- **EXERCISE DIRECTIONS**: Could you transcribe exactly the lines below, from the line with "Helma Cassida Jet Tech Roxor černá matná-červená fluo-šedá Helma" through the line with "Outline Seattle skyline", and nothing else, leaving out the pictures?
**** RECORD SET ****
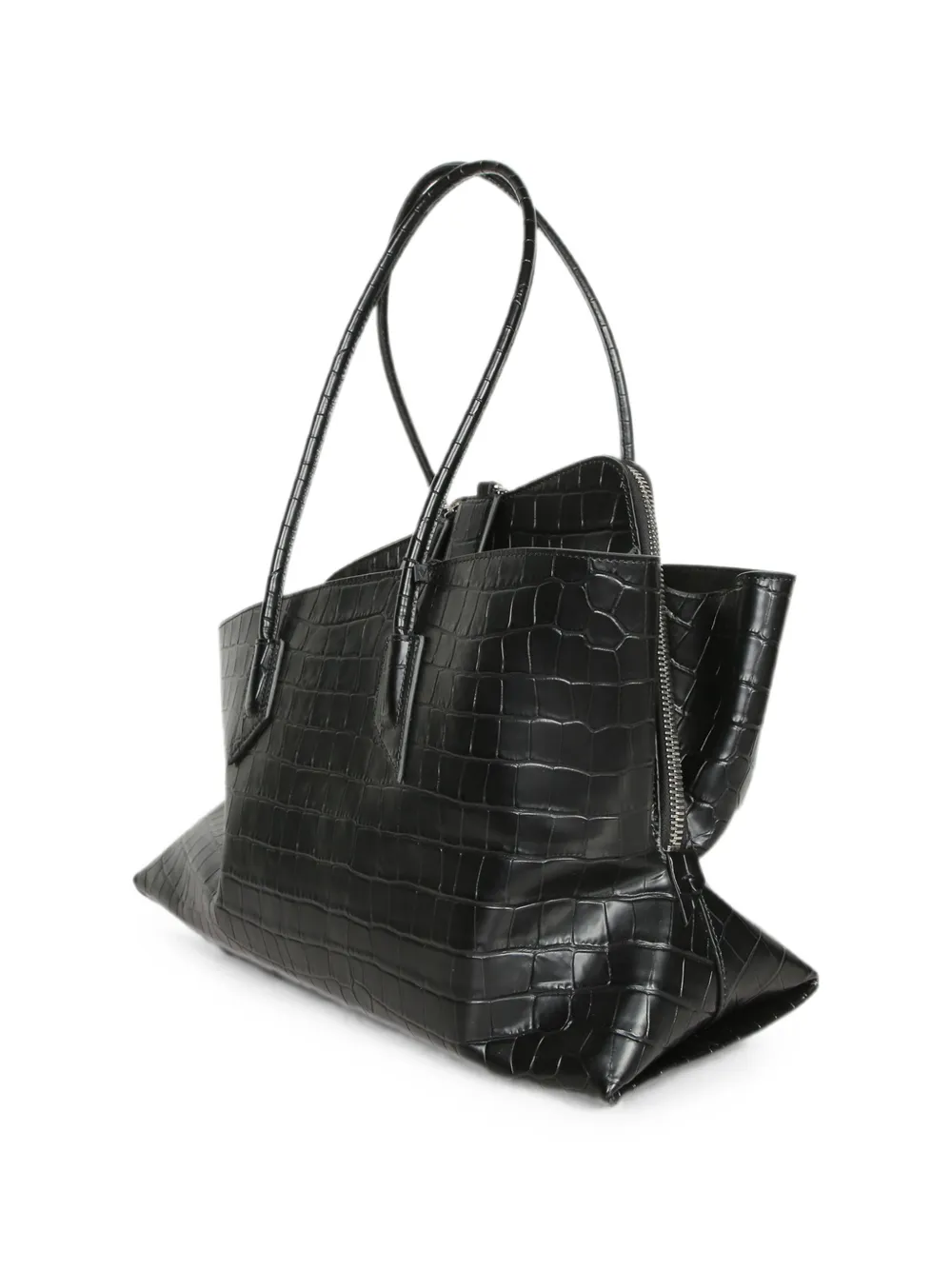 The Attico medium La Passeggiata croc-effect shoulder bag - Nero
****
**** RECORD SET ****
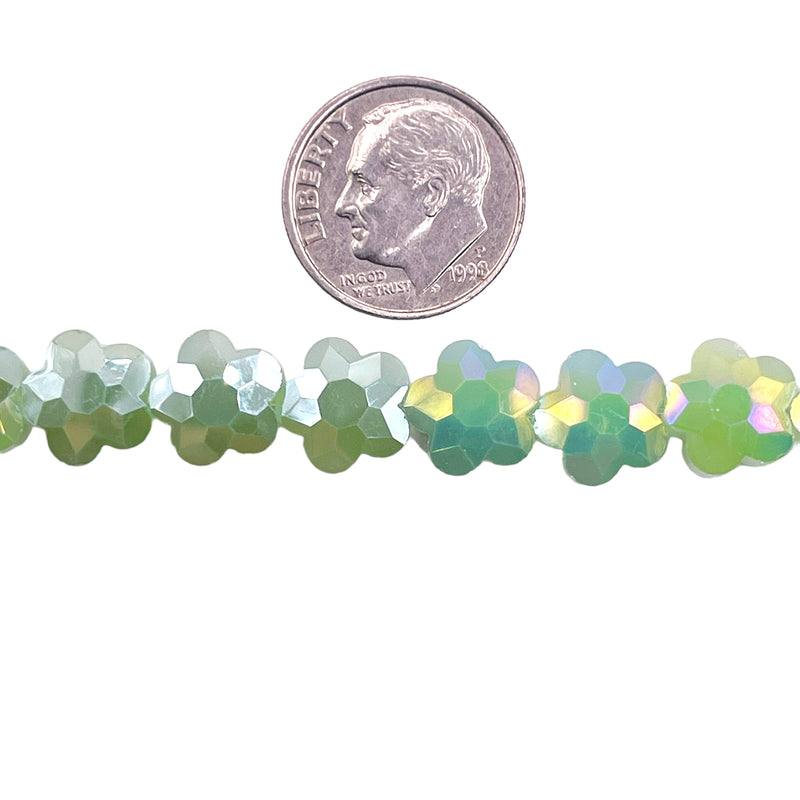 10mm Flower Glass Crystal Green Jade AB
****
**** RECORD SET ****
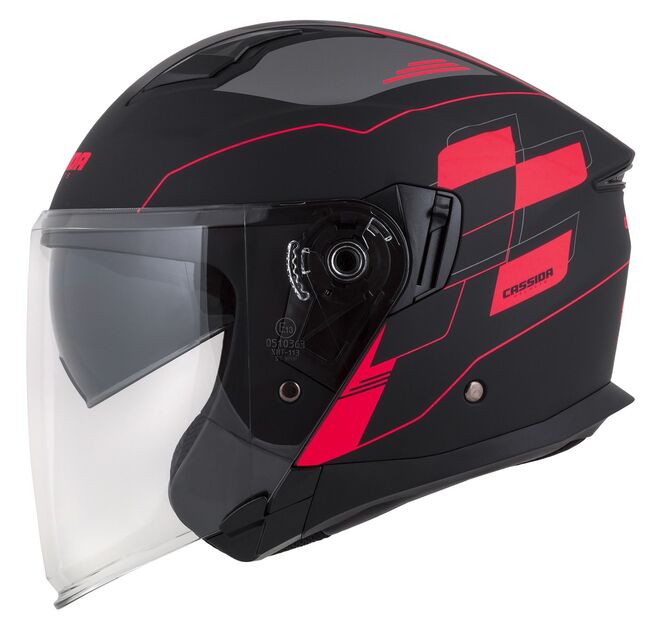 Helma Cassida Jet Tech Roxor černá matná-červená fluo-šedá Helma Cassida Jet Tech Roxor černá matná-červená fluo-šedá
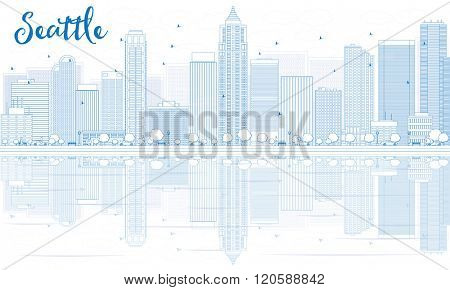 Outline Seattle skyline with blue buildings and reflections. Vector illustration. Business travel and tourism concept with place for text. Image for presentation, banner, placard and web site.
****
- **SOLUTION TO THE PROBLEM**:
 Helma Cassida Jet Tech Roxor černá matná-červená fluo-šedá Helma Cassida Jet Tech Roxor černá matná-červená fluo-šedá
 Outline Seattle skyline with blue buildings and reflections. Vector illustration. Business travel and tourism concept with place for text. Image for presentation, banner, placard and web site.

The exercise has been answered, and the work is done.